- [REQUIRED ACTION] The expected response is the full listing, retyped exactly, without its images.

########################################

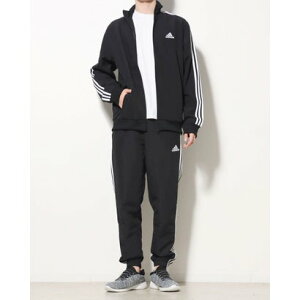 AfB_X adidas Y g[jOEFA M 3S WV gbNX[c IC6750 iubN/ubNj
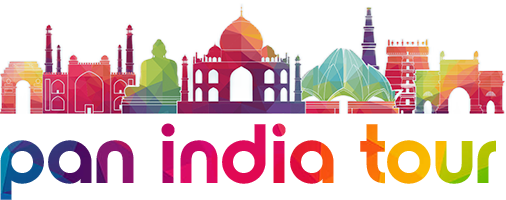 pan india tour packages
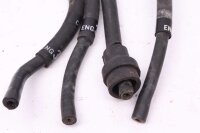 Spark plug connector ignition cable Unbekannt Konvolut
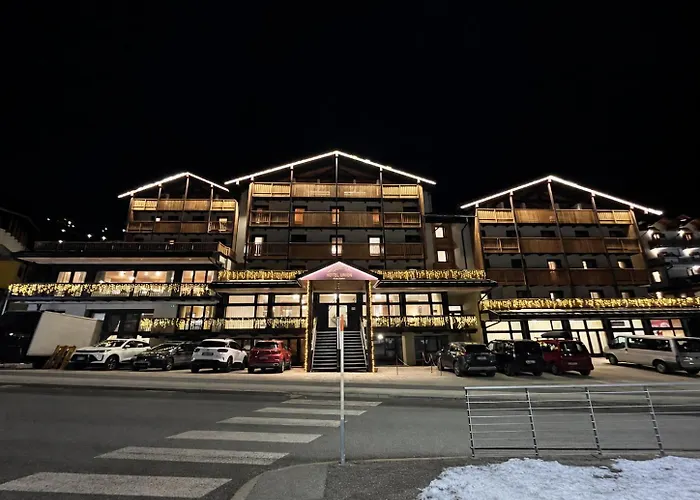 Hotel Union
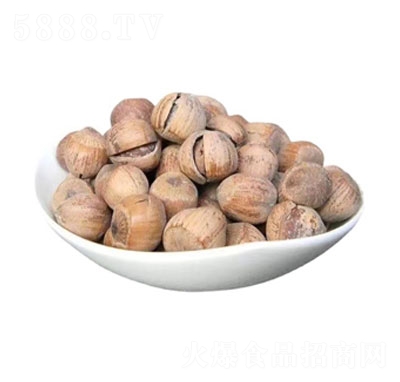 ���Z�_�ڴ���Ӹɹ��Թ�ʳƷ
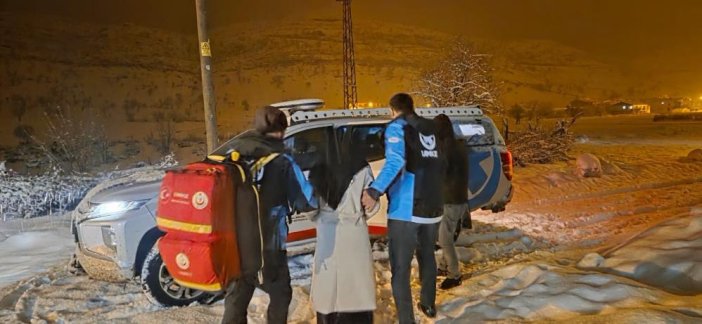 diyarbakirda-zorlu-kis-sartlarinda-saglik-seferberligi-3.jpg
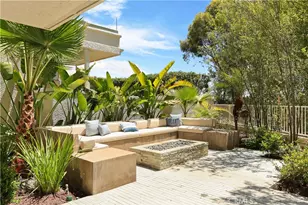 14 Toulon, Laguna Niguel, CA 92677 - Photo 39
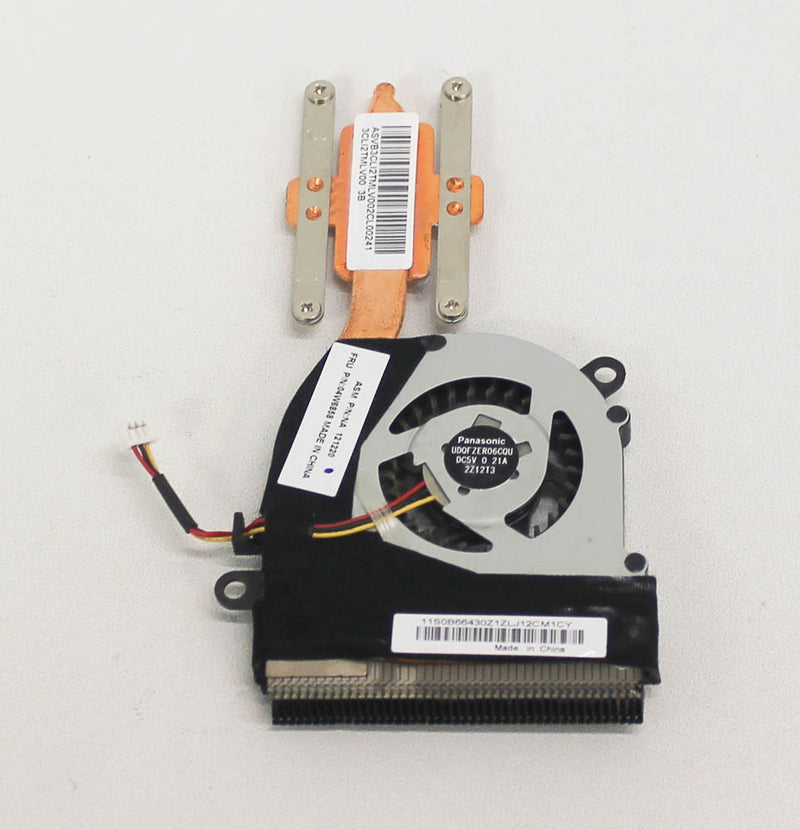 04w6858-thinkpad-x131e-cpu-fan-cooling-heatsink-compatible-with-lenovo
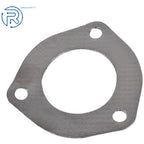Head Gasket MLS Set for Dodge Durango, Ram, Dakota, Jeep Liberty (3.7L)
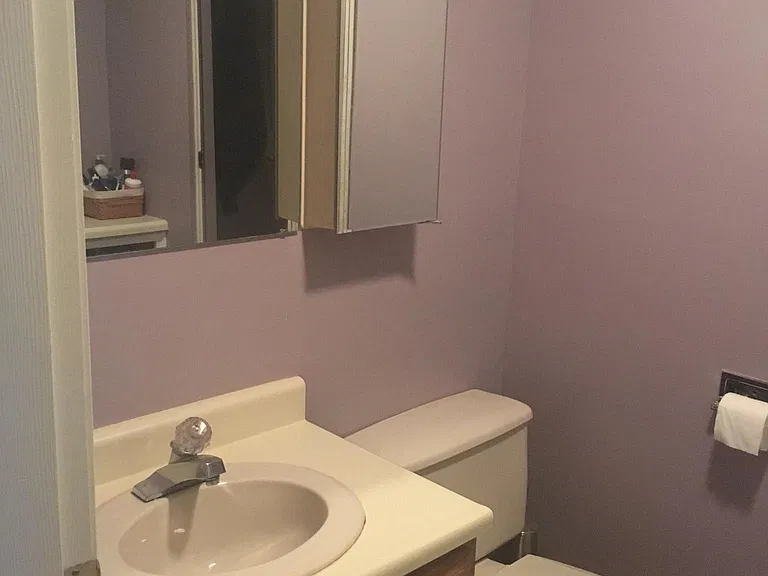 6 Chelsea Cir — Photo 14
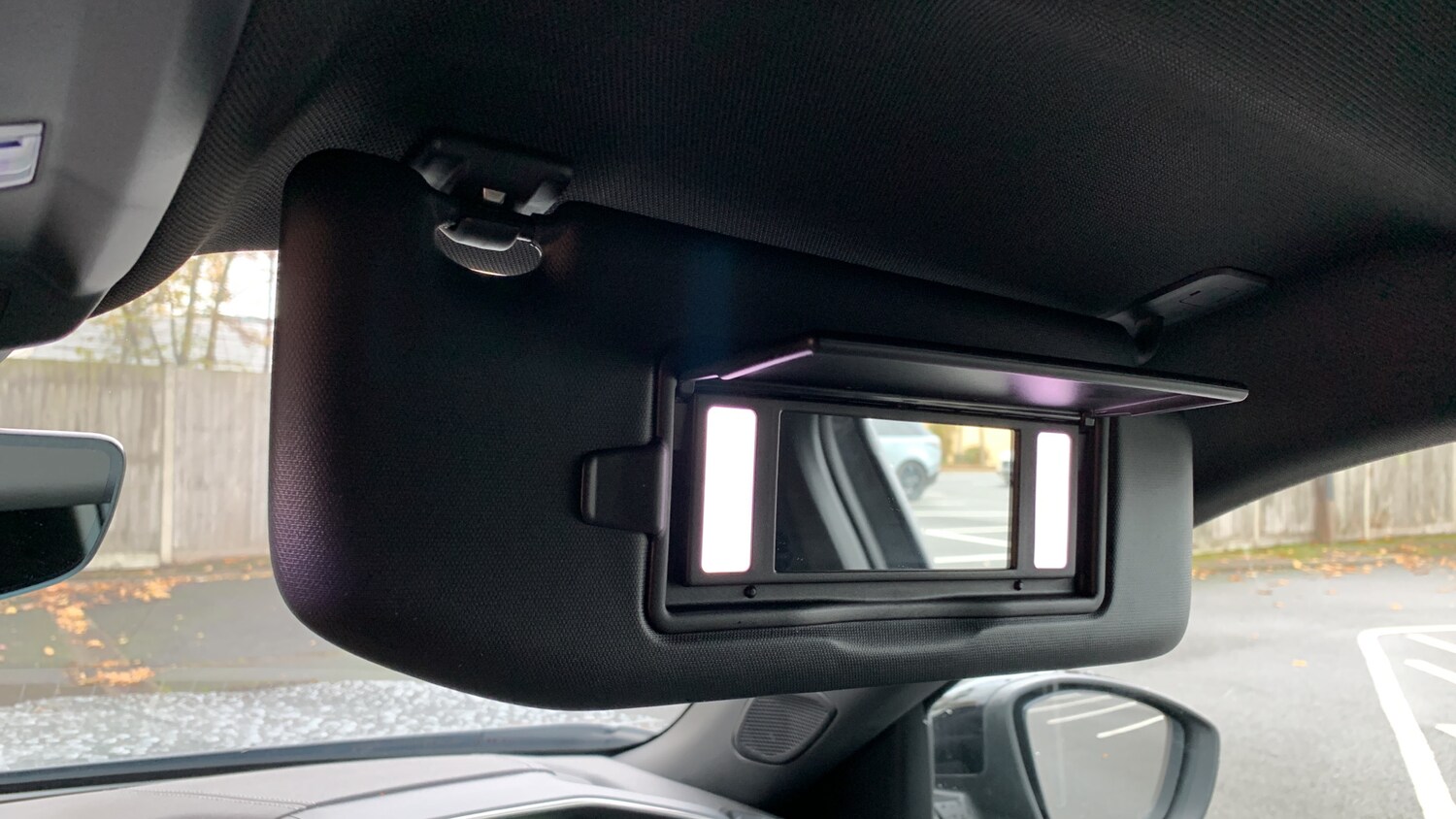 Used Peugeot 2008 2024 for sale - 76419744: Photo 38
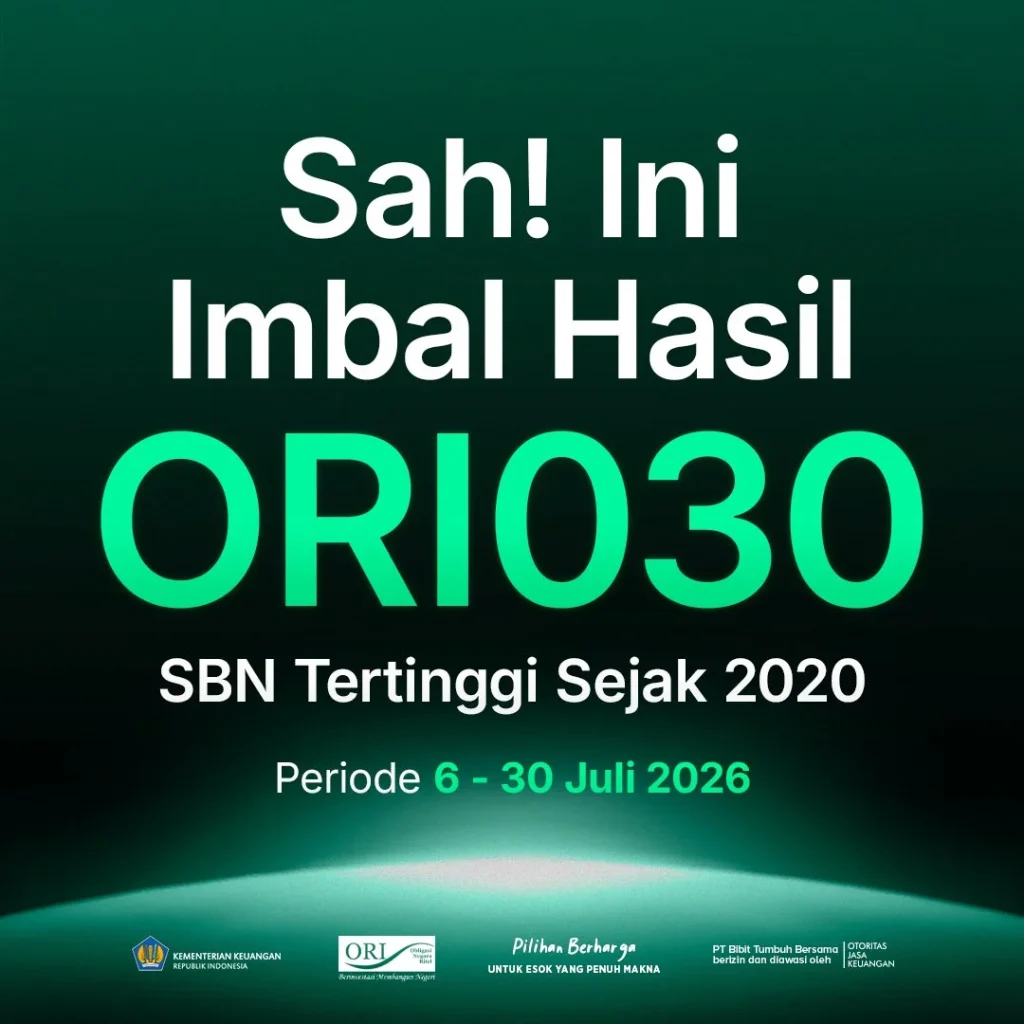 sbn-ori030:-sah!-imbal-hasil-hingga-7%-per-tahun-fixed-rate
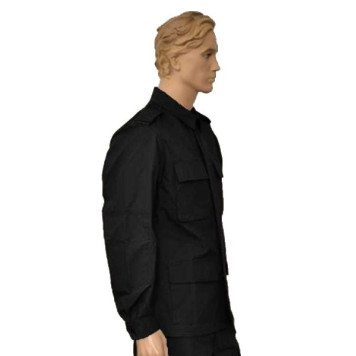 NATO Uniform Russian (BARS)-24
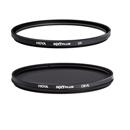 Hoya NXT Plus UV & CPL Kit: Picture 1 regular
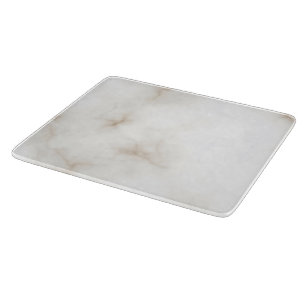 Planche À Découper Marbre Pastel Pierre Parties scintillant Texture A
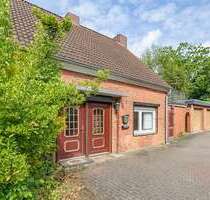 Haus zum Kaufen in Drage Stove 475.000,00 € 157 m² - Drage / Stove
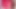 Land ki pyaashi Bur
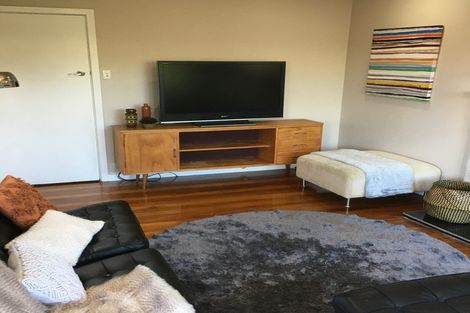 Photo of property in 10 Springhill Street, Avonhead, Christchurch, 8042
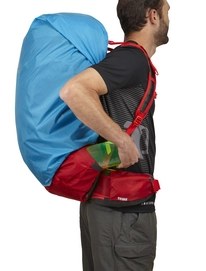 Backpack Thule Versant 50L Mens Bing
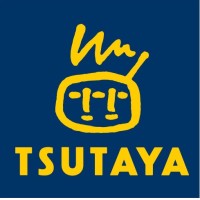 Tsutaya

########################################

- [RESPONSE TO THE TASK]
 AfB_X adidas Y g[jOEFA M 3S WV gbNX[c IC6750 iubN/ubNj
 pan india tour packages
 Spark plug connector ignition cable Unbekannt Konvolut
 Hotel Union
 ���Z�_�ڴ���Ӹɹ��Թ�ʳƷ
 diyarbakirda-zorlu-kis-sartlarinda-saglik-seferberligi-3.jpg
 14 Toulon, Laguna Niguel, CA 92677 - Photo 39
 04w6858-thinkpad-x131e-cpu-fan-cooling-heatsink-compatible-with-lenovo
Head Gasket MLS Set for Dodge Durango, Ram, Dakota, Jeep Liberty (3.7L)
 6 Chelsea Cir — Photo 14
 Used Peugeot 2008 2024 for sale - 76419744: Photo 38
 sbn-ori030:-sah!-imbal-hasil-hingga-7%-per-tahun-fixed-rate
 NATO Uniform Russian (BARS)-24
 Hoya NXT Plus UV & CPL Kit: Picture 1 regular
 Planche À Découper Marbre Pastel Pierre Parties scintillant Texture A
 Haus zum Kaufen in Drage Stove 475.000,00 € 157 m² - Drage / Stove
 Land ki pyaashi Bur
 Photo of property in 10 Springhill Street, Avonhead, Christchurch, 8042
 Backpack Thule Versant 50L Mens Bing
 Tsutaya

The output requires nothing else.